I would love to say that the finale made it all worth it in the end, but to be completely honest, it was pretty lackluster. It was not without its good moments, but nothing great or really all to notable. It did get us from point A (the beginning of the story back in Villains Month) to point B (the end of this series with no notable changes to break continuity or the status quo). But that’s about it. I’m not going to lie… I’m glad to see writer Brian Buccellato (joined by former The Flash co-creator Francis Manapul) move from the boring and mundane Barry Allen over to Gotham City’s Bruce Wayne over in the pages of Detective Comics. And I’m completely okay with artist Scott Hepburn not being involved in said project.
The story is pretty flat, which is saying something, because the cover (though rough, rushed, and altogether skritchy) would have you believe that this issue is all-out war between Grodd and the Rogues. It’s not really all that exciting. Central City is the place for a three-way war between the Royal Flush Gang teamed with various Secret Society members and Grodd’s army and the Rogues themselves. But before anything too crazy can happen, Glider resurfaces (apparently alive and well, so yay for that) and Grodd teams up with all of the non-Rogues villains to kill them once and for all. He fails because Weather Wizard is apparently really awesome out of nowhere. So yay for that, I guess. Then Mirror Master traps them all in a mirror, which the Trickster shatters, showing that the city is saved (even though it’s pretty much destroyed) everyone gets to make out with and/or hug his/her significant other, including the Pied Piper’s boyfriend, who is a cop. Naturally. So the search for Captain Cold begins, and the heavy-handed narrative of who the Rogues are and what they stand for (which is pretty much bull shit, but well-intentioned bull shit) closes by far the weakest entry into the Forever Evil event.
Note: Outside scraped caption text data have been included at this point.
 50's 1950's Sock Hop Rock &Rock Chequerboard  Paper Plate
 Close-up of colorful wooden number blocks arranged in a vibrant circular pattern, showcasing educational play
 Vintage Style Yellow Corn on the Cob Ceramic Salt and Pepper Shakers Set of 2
This series had three interesting things involved in its premise, two of which went away within the first issue (Captain Cold and the artwork of Patrick Zircher). The third and only other interesting thing about this series was taking out the most boring element of the post-Flashpoint DC Universe, the Flash himself, Barry Allen. But by taking away their leader and putting the characters through a seemingly endless round robin of villain vs. villain battle scenes, the overall product came off as a bit lazy. And it didn’t look the greatest, with some less-than-stellar artwork and cliche-ridden dialogue. Poor pacing and an unbelievably crummy ending make this not only disappointing for a lifelong DC fan (and reluctant-turned-staunch supporter of the New 52), but for a casual reader as well. Poor work all over the place by pretty much everyone involved. I’m glad it’s over.